I can't tell how much algorithms affect my life. I expect that much of the time, they are operating in the background, and I don't see what they do. I see ads on the Internet, but don't pay much attention to them, so I neither know nor care whether the ads are chosen by algorithms. I did update my subscription to a computer security program, which popped up to tell me the subscription had expired. I recently got a new laptop, which may have had some influence over that. So maybe I am controlled by algorithms written subtly enough that I don't notice the disturbance. Or I do, but think it expected, because I have been using the software for some time, and haven't paid any attention to dates.
But it took me four tries to submit my federal taxes and get the return accepted. I don't type particularly well. Usually, I watch what I do, and read over what I type before I accept it, but when filling out forms online, the process is a little different. I don't use a commercial software system to do my taxes. I use Free Fillable Forms from the IRS. I have to fill in lots of boxes, and sometimes I have trouble finding them because of differences in shading on the forms on screen. But our taxes are pretty simple, at least since Liz quit making costumes. She hasn't had any business in Blackbird Costume Shop for a few years. So we each get a W-2, and I get the maximum deduction for the interest I pay on my student loans, and that's all there is.
I made a couple of mistakes on a W-2. I typed something into a box about a foreign address. It seems odd that the system would take information about a foreign address after confirming my domestic address, but I suppose people could have more than one residence. People who travel. I don't. I have one address, which I had typed in correctly. But somehow I got a few characters in the foreign address boxes.

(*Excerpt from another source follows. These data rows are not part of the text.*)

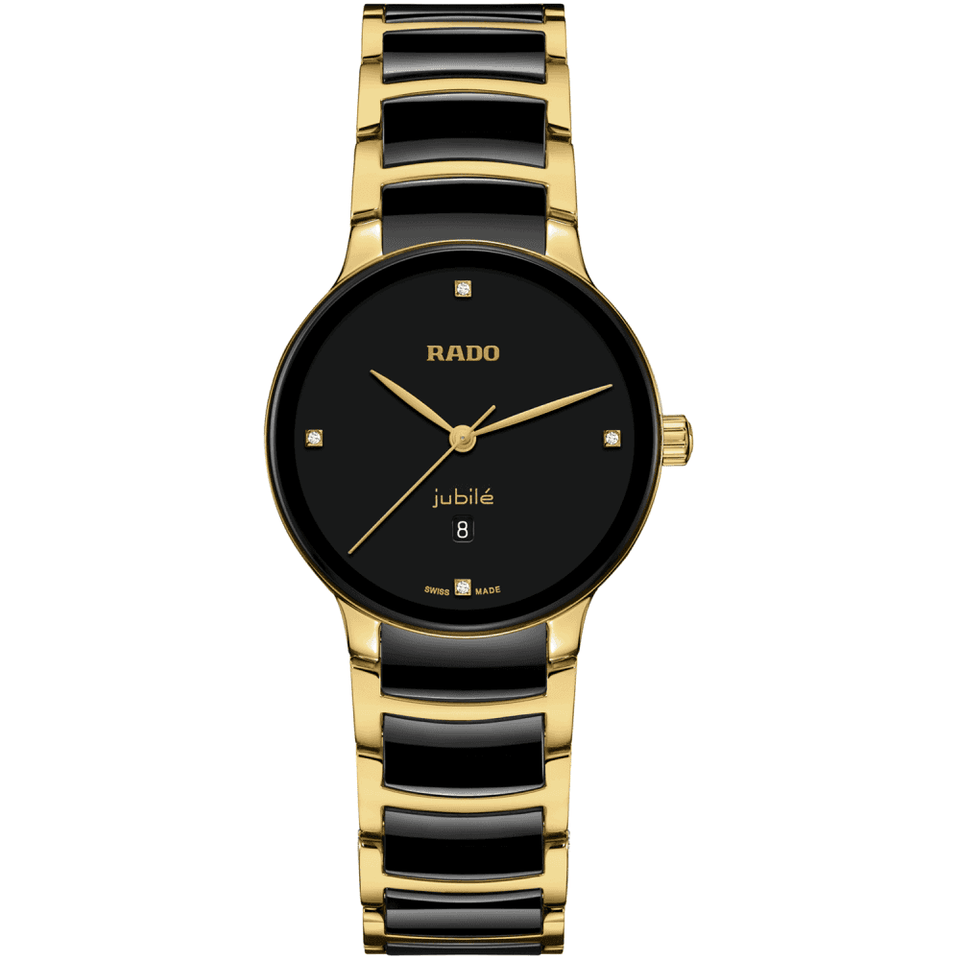 RADO Ladies Centrix 30.5mm Jubilee Diamond Two Tone Watch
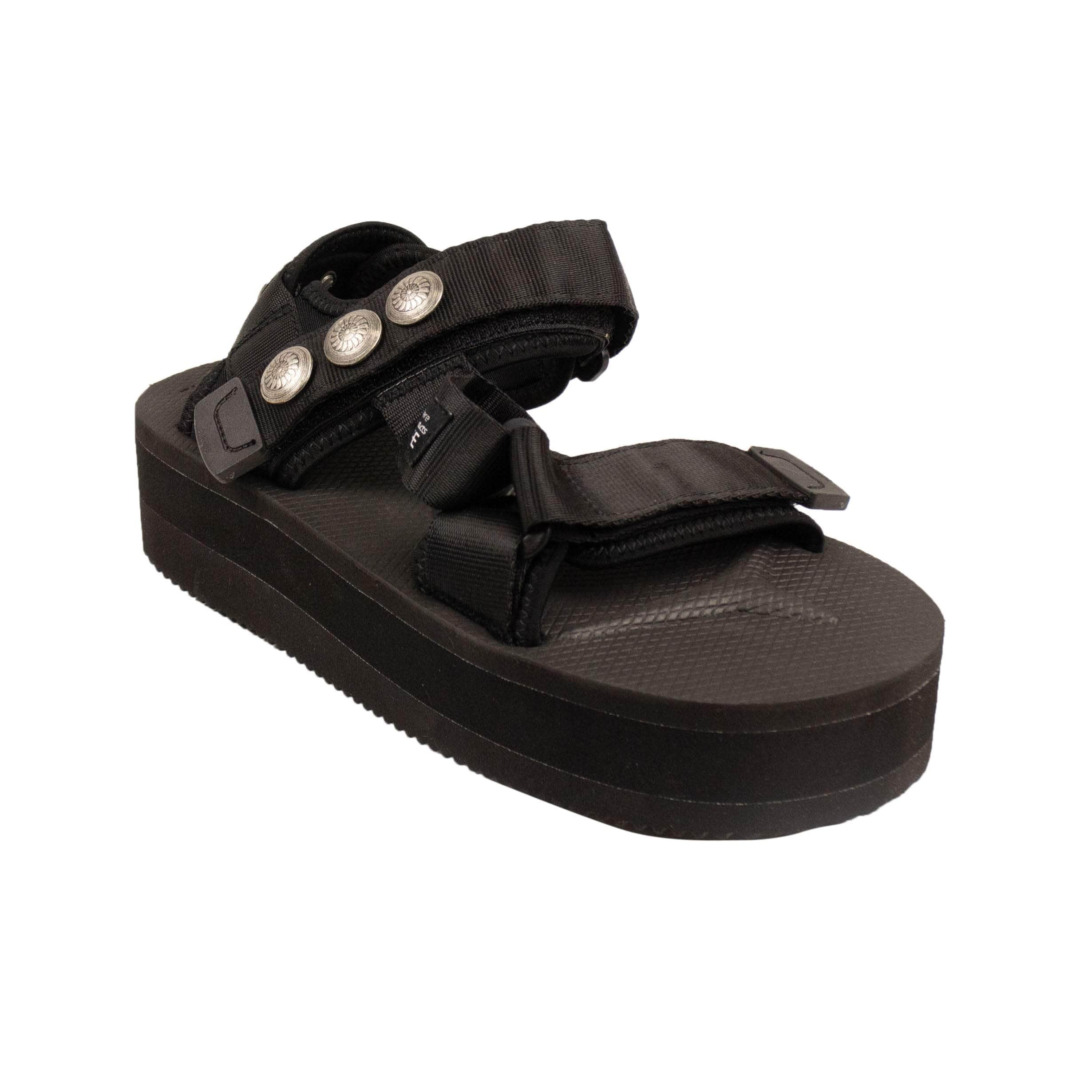 John Elliott 95-JEL-2005/5 NIB JOHN ELLIOTT X Blackmeans X Suicoke Black Yucca Sandals Size 5/35 $298 95-JEL-2005/5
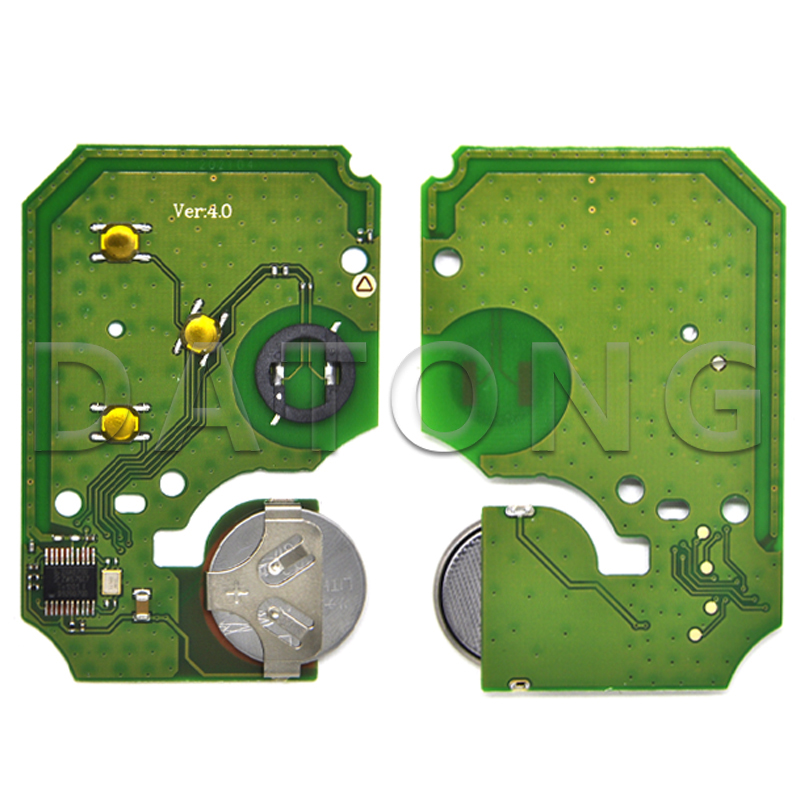 Datong 世界ルノーメガーヌ風光明媚な 2003-2008 リモートキー 433 Mhz ID46 PCF7947 チップ 3 ボタン自動交換スマートカードキー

I think it is a computer editor, or AI system, or something like that, that checks over the forms, and sends rejection notices when there are mistakes. I got an email, sent the day I first submitted my taxes, telling me my return was, um, returned, not accepted, and I should not reply to the email, because no one would check.
I went in, searched the error system to see what the problem was, and then thought I had fixed it by removing the characters from what should have been empty boxes in the W-2. I resubmitted.

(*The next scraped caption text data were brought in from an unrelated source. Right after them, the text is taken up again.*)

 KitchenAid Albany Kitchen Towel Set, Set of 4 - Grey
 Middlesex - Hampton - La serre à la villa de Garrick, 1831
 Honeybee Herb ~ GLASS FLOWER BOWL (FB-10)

I got another email about an incomplete foreign address. I looked again, and found the abbreviation for Ohio, where I live, in a box in the foreign address section. OH as part of a foreign address. I deleted it.

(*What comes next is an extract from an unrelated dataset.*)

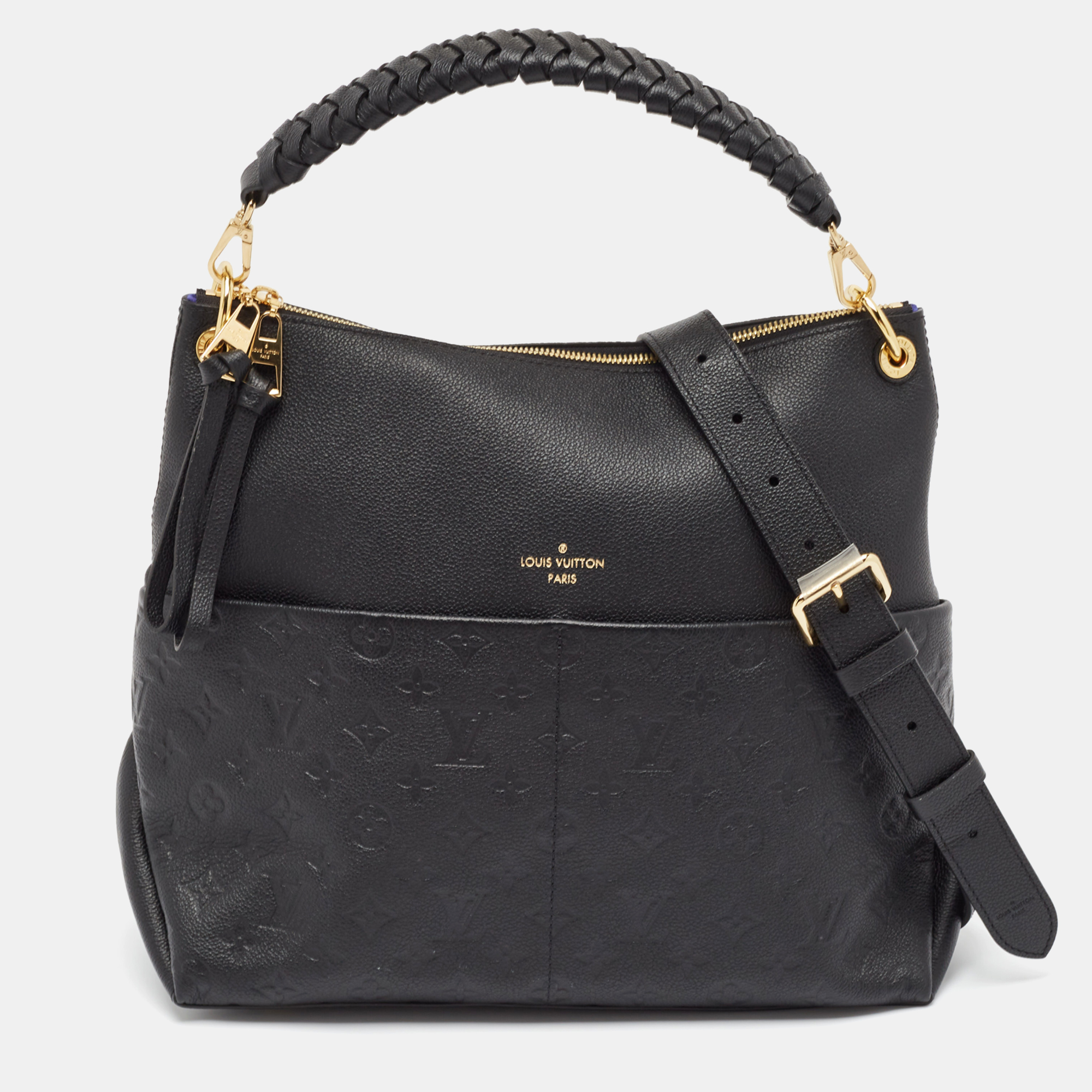 

Louis Vuitton Black Monogram Empreinte Leather Maida Bag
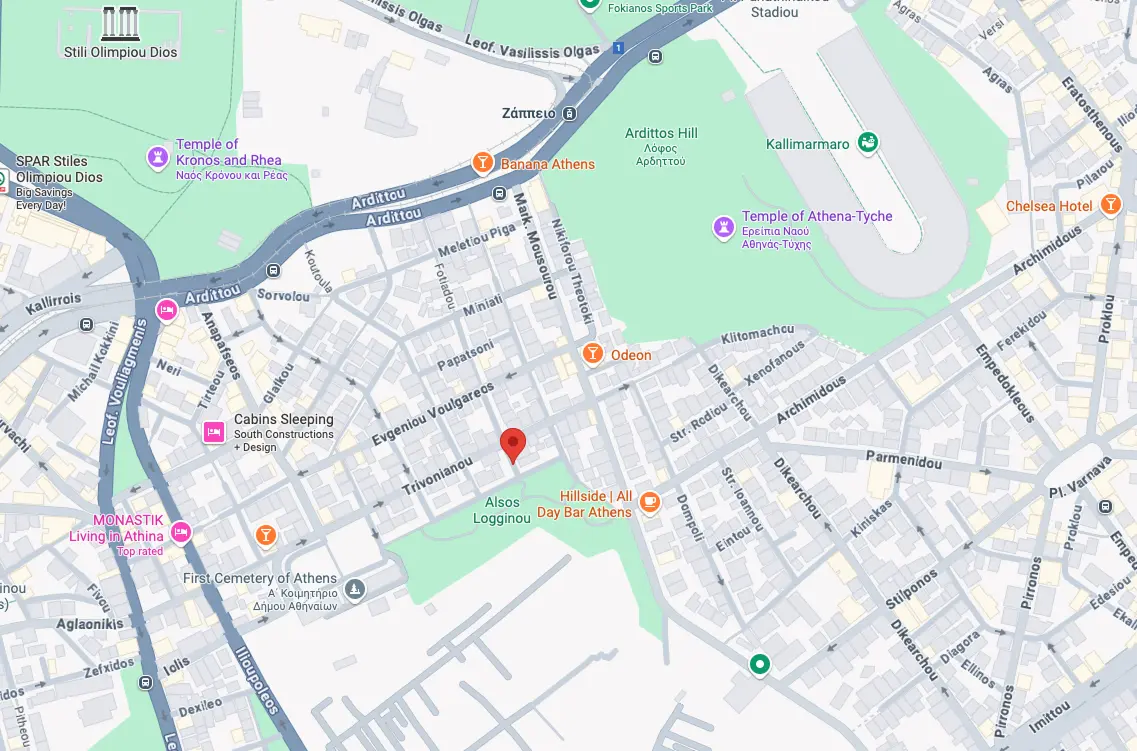 A map showing where the offices of Proteus Marine Services are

I got another email. This time, it was a rejection of the PIN's I had put in, copied from my notes from last year's taxes. I looked at my records, and I looked at the tax forms. They matched. I have not idea what the problem was. But I deleted both PIN's and put in our Adjusted Gross Income from last year. Same number, two boxes, because we file jointly.
It was accepted. Fourth try.
I have, in the past, made mistakes in typing in numbers while doing taxes. Once, I shifted the income for Liz's W-2 by two decimal places. It took about four years to fix that, because the IRS caught the mistake two years later, but charged us interest and penalties for the two years before the error was caught. And because I copied numbers from the federal tax form into the state and local tax forms, I had to refile for all three for that year, and pay back taxes for all of them. The AI system doesn't catch those kinds of mistakes, at least not very quickly.
I found it odd that I had to put in the EIN for federal, state, and local tax forms, but only the local tax software filled in the company name and address from it. I had to put those in by hand for state and federal. Why does the local tax system have a better database than the IRS or state tax office?
Filing tax forms is an annoying chore. Why can't the AI system check for dumb mistakes while I'm working on them, when it would be very easy to fix? Maybe next year.